◆ WHAT YOU WILL DO
Reply with one number: the count of lines in the listing that contain the string "button".

◆ DATA FOR THIS TASK
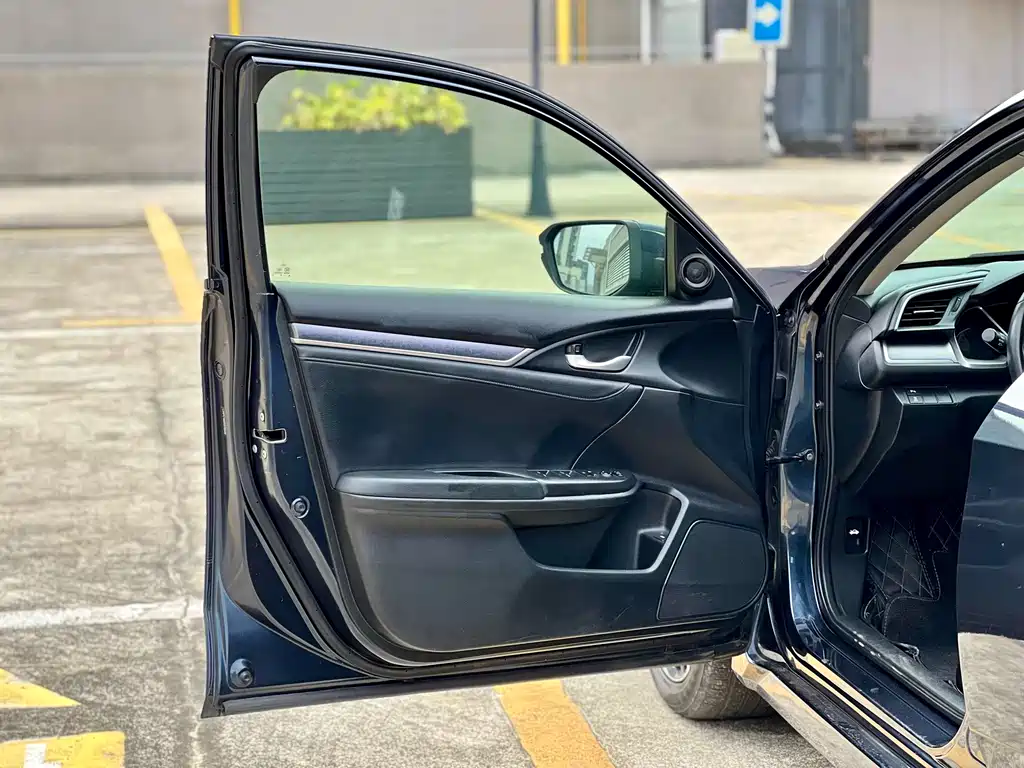 Honda Civic 2019 — фото 10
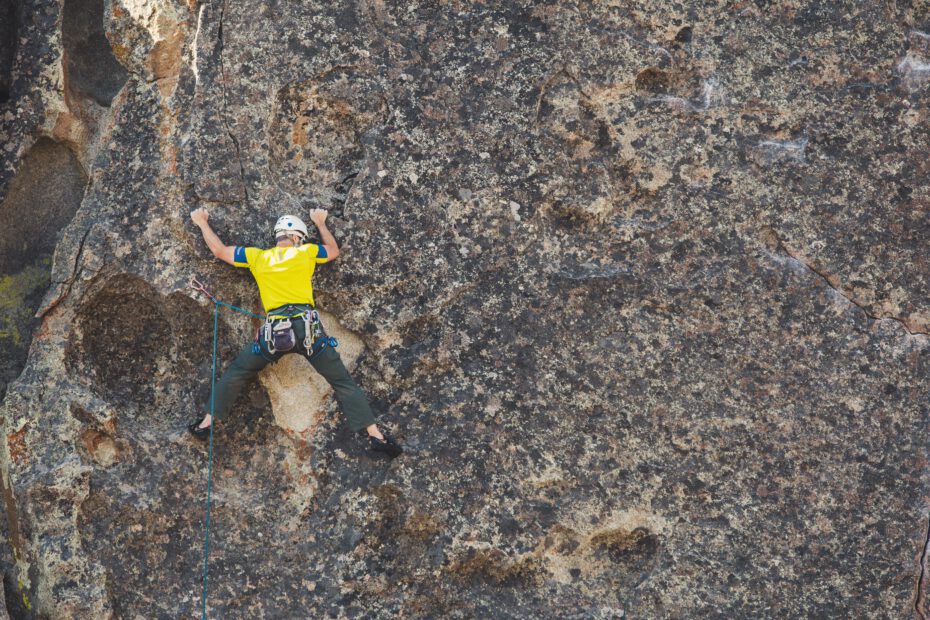 Kletterer an Felsen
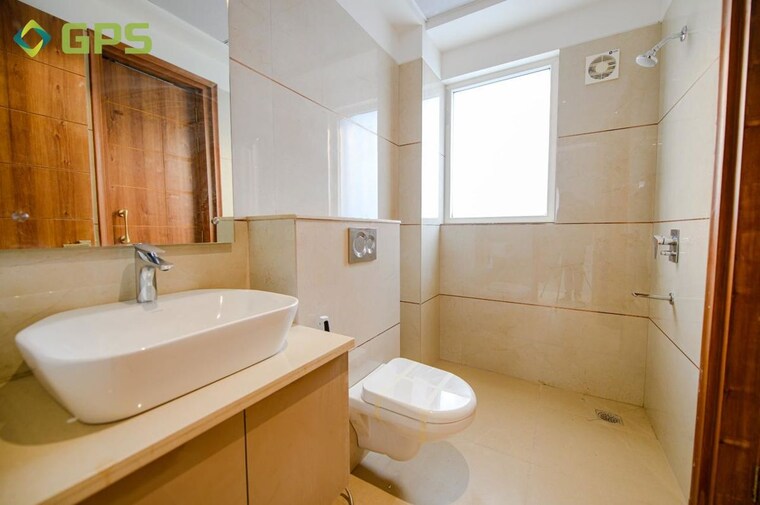 Bathroom, dlf cyber city 3 Bedroom 215 Sq.Yd. Builder Floor In Dlf Cyber City Gurgaon 10114433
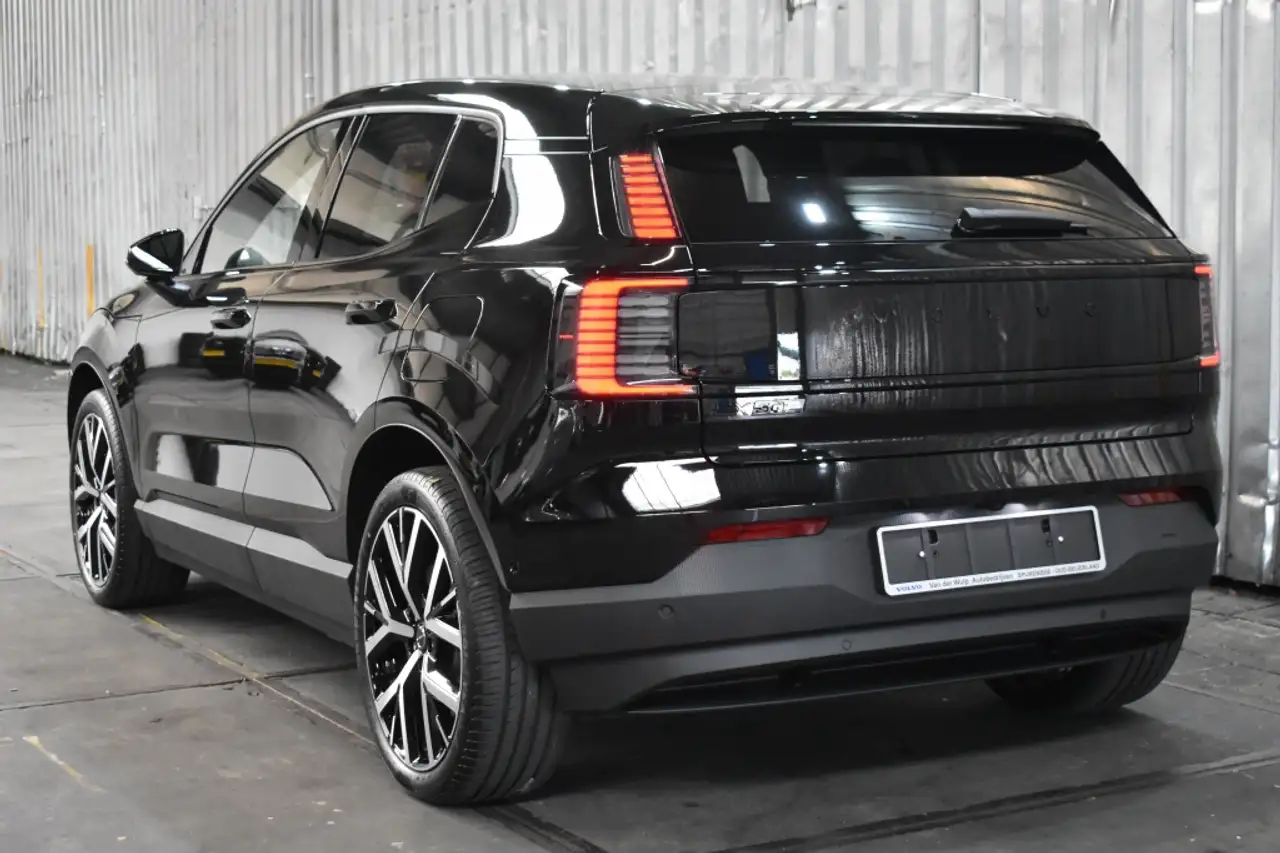 Volvo EX30 2026
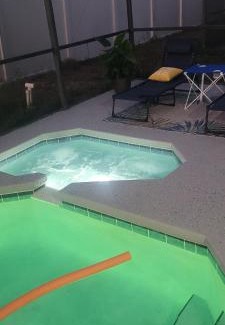 Sunset Ridge Haus | Spacious 2 en-suite BR, heated pool & spa retreat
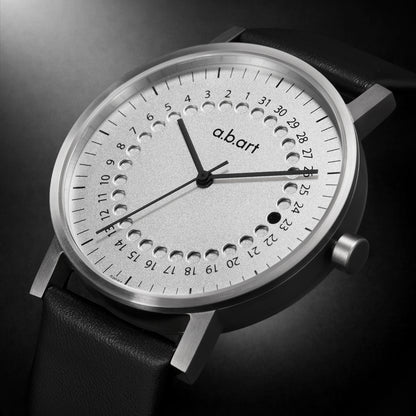 Freiburg | 41 mm | Ronda Swiss Parts Uhrwerk | Saphirglas | O101 Red Dot Design Award Serie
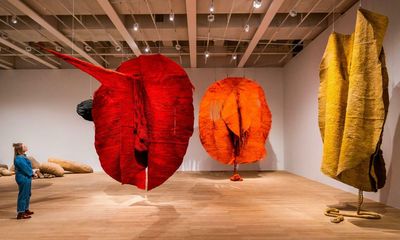 Magdalena Abakanowicz: Every Tangle of Thread and Rope review – a wonder weaver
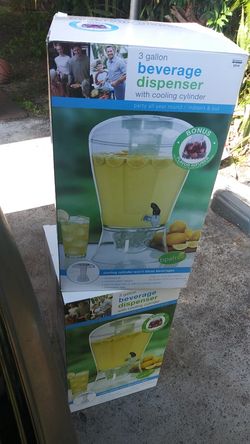 Beverage dispenser with cooling cylinder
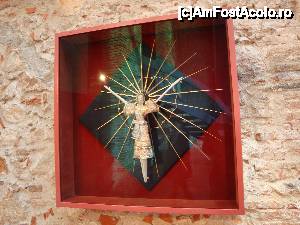 [P37] Teatre Museu Dalí din Figuerés: caseta originală cu figura lui Hristos, realizată din hârtie pergament și expusă sub tabloul ”Sf. Gheorghe eliberând un înger”, pe peretele dinspre sud al sălii cupolei.  » foto by mariana.olaru
 - 
<span class="allrVoted glyphicon glyphicon-heart hidden" id="av436795"></span>
<a class="m-l-10 hidden" id="sv436795" onclick="voting_Foto_DelVot(,436795,12859)" role="button">șterge vot <span class="glyphicon glyphicon-remove"></span></a>
<a id="v9436795" class=" c-red"  onclick="voting_Foto_SetVot(436795)" role="button"><span class="glyphicon glyphicon-heart-empty"></span> <b>LIKE</b> = Votează poza</a> <img class="hidden"  id="f436795W9" src="/imagini/loader.gif" border="0" /><span class="AjErrMes hidden" id="e436795ErM"></span>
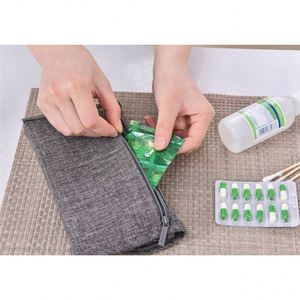 Estuche de Viaje de Cuero PU para 28 Pastillas, Organizador Mensual de Plástico para Medicamentos - Product Image 3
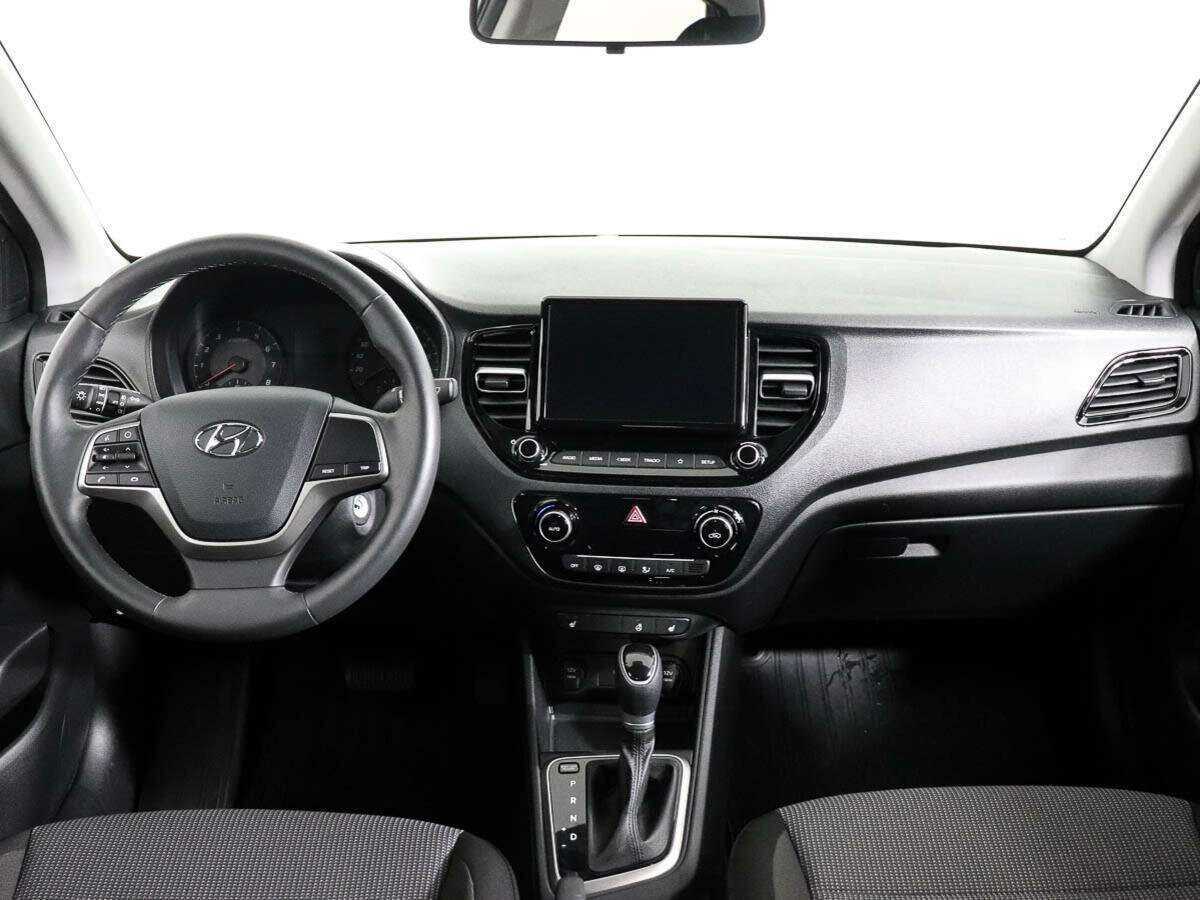 Купить Hyundai Solaris с пробегом. Фото: #10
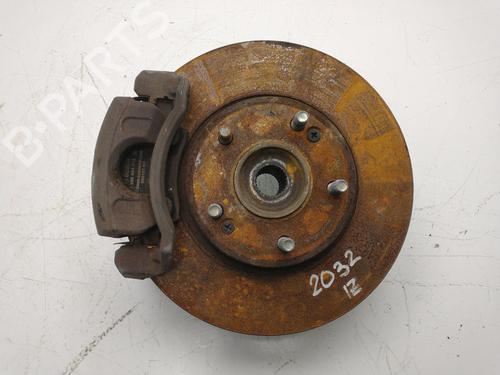 Used Left front steering knuckle HYUNDAI i30 Estate (GD) 1.4 (99 hp) 31127638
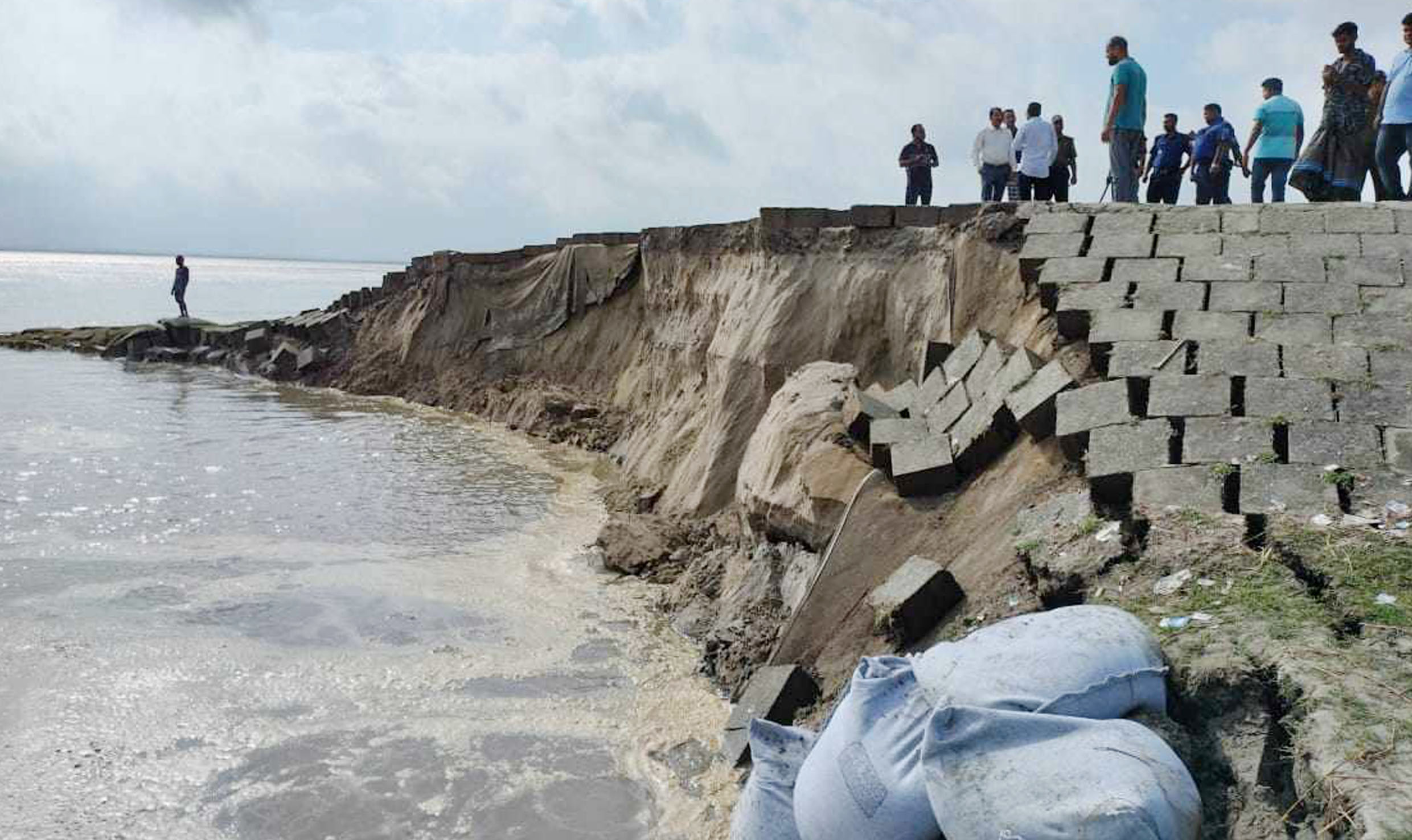 যমুনায় পানি বৃদ্ধি, ধসে গেল কাজিপুর সলিড স্পারের ৩০ মিটার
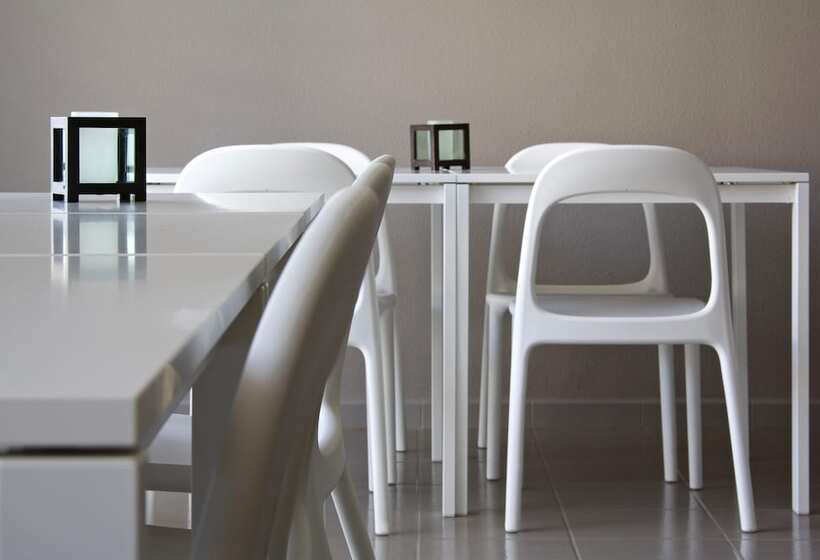 Отель De L Octroi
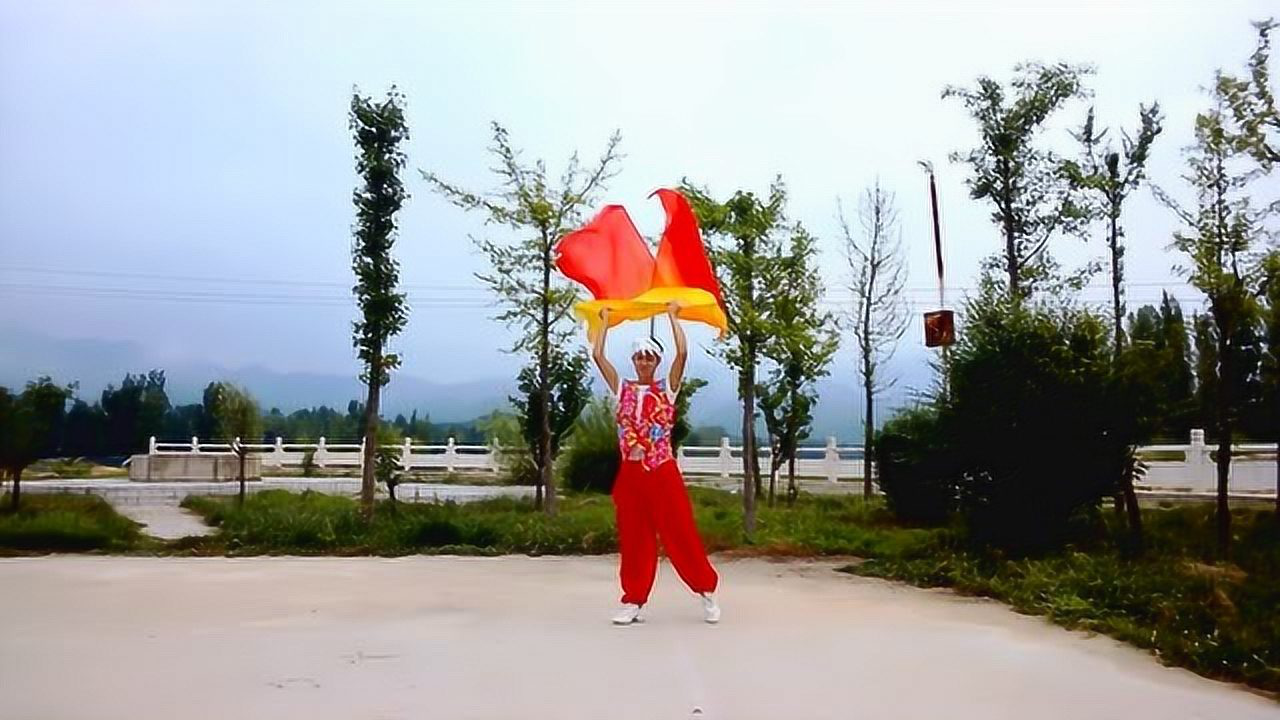 雨凡广场舞队形版《东方红 红艳艳》分解教学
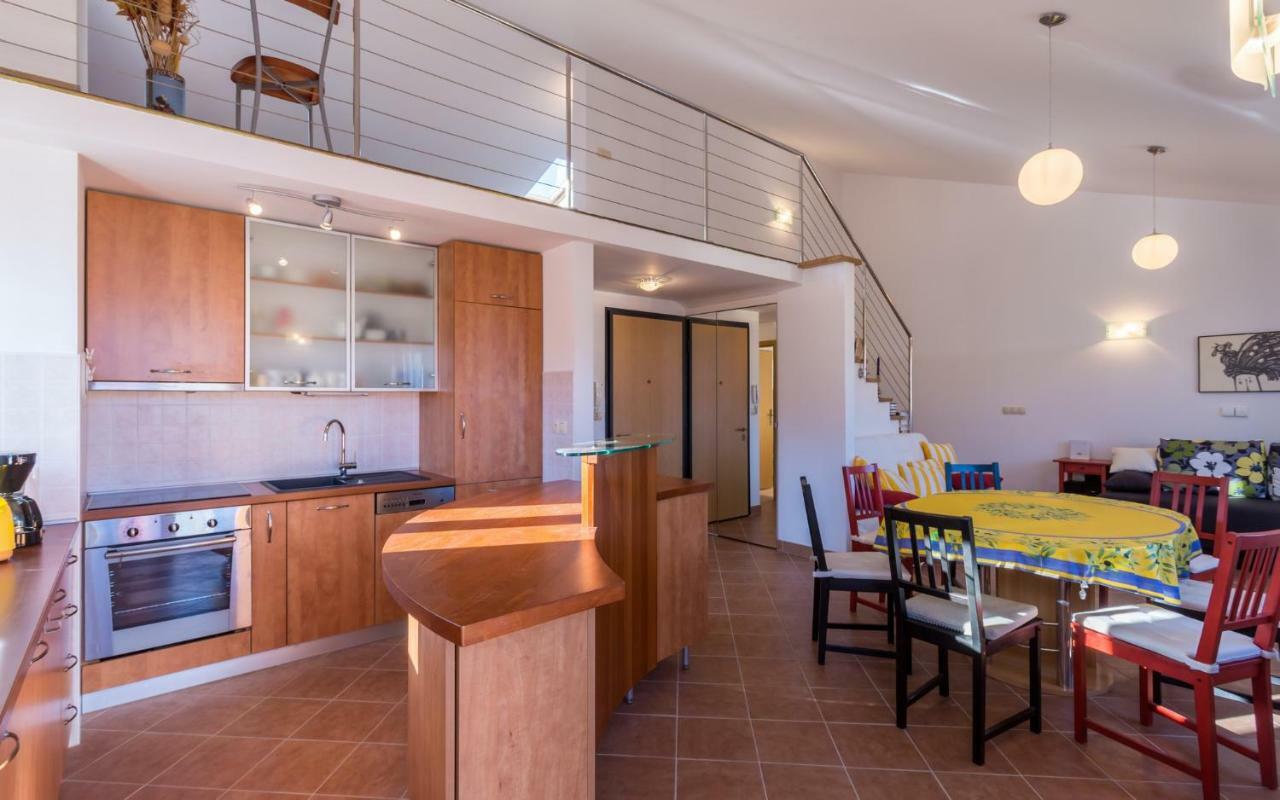 Appartement Tinka à Baška Extérieur photo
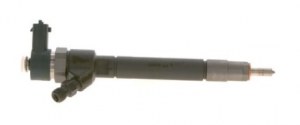 VOLVO S60 INJECTOR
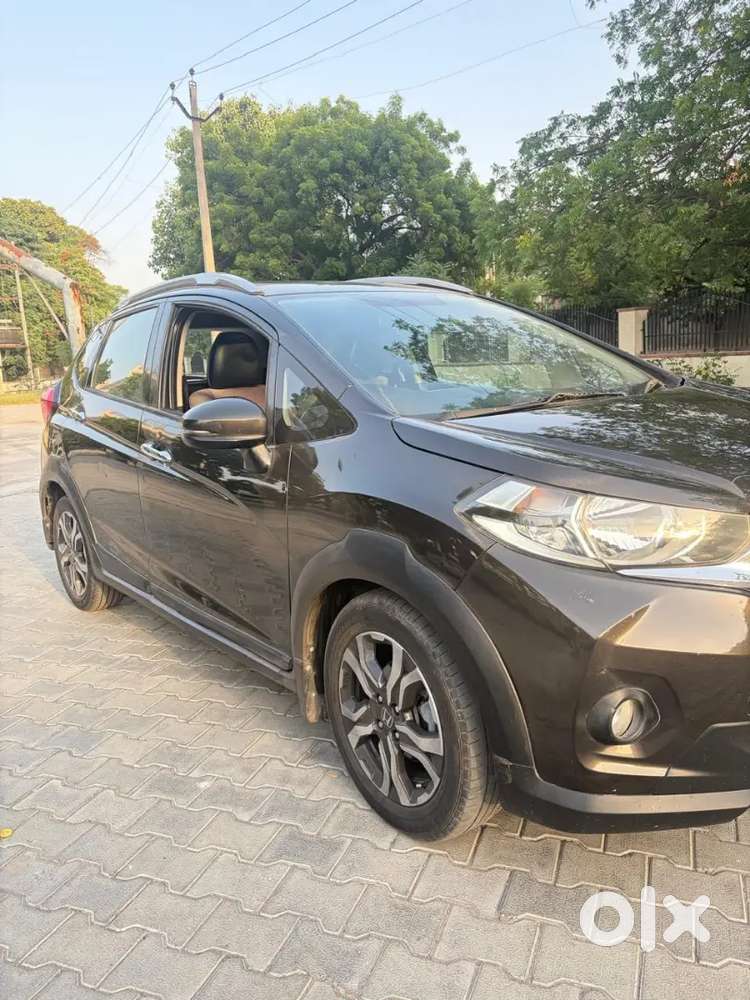 Honda Wr-v 2017 Diesel Car Allmost All Original Paint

◆ EXPECTED ANSWER
2